Automatic Dependent Surveillance-Broadcast, aka ADS-B, has the potential — just about everybody agrees on this — to be the biggest change in aviation traffic handling in decades. It may be, according to one source, the most important change in air traffic handling since radar.

Unless you’ve been hiding under a rock for the last few years, you know at least something about ADS-B. It is a satellite-based system that involves aircraft sending info to satellites that coordinate all the info and send it back to aircraft. Pilots and controllers will be able to see “radar-like” symbols that identify other traffic, complete with a world of details about those other aircraft. It will be real-time info, updated every second instead of roughly every 12 seconds as with radar. For the last few years it has been tested in Alaska and it worked well.

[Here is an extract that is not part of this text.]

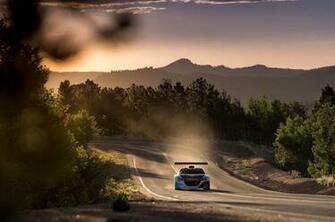 Pikes Peak Wallpaper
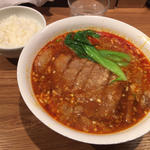 排骨坦々麺(Renge no Gotoku)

Sounds fairly simple, but if you delve more deeply it becomes more complex.

In early airmail days, Lindbergh and others took their chances without even a two-way radio. Then we progressed to the point that IFR flights were “followed” by ATC (or whatever they called it then). The pilot reported his whereabouts from time to time and ATC moved a little symbol along to keep up with the flight. Then ATC got radar and flight was never the same again. Today, in much of the country ATC can “see” a flight on radar.

ADS-B could improve this greatly. I have talked with the flight controllers association, FAA, AOPA, and a couple of airline pilots. Everyone, it seems, wants the system but worries about the implementation, even though FAA says it has that under control.

One airline pilot worries that rules, regs, and cost will be added until the system becomes too expensive and too complex to work. FAA, however, told me nay, nay. They are hard at work making ADS-B simpler rather than more complex. Time will tell, I reckon.

Everyone has questions about cost, rules, and airspace. Some, who still remember Orwell’s book 1984, worry about guvmintal big brotherism. They point out that the census started out to determine who lived in this country. Now they want to know everything including what kind of plumbing you have in your house.

This entire system is, of course, dependent on the aviation reauthorization bill. Until that passes, we are just dreaming.

FAA says a genav owner will have to spend $7,644 to $10,920 to equip an aircraft to send info to the system (mandatory) and another few thousand if the owner wants the aircraft to get info back from the system (not mandatory). The genav aircraft need not qualify for ADS-B for flight into uncontrolled airspace.

That doesn’t include the costs of getting ATC qualified for the system, but, what the heck, the way the presidential candidates talk, we’ve got money enough to solve all problems for all people.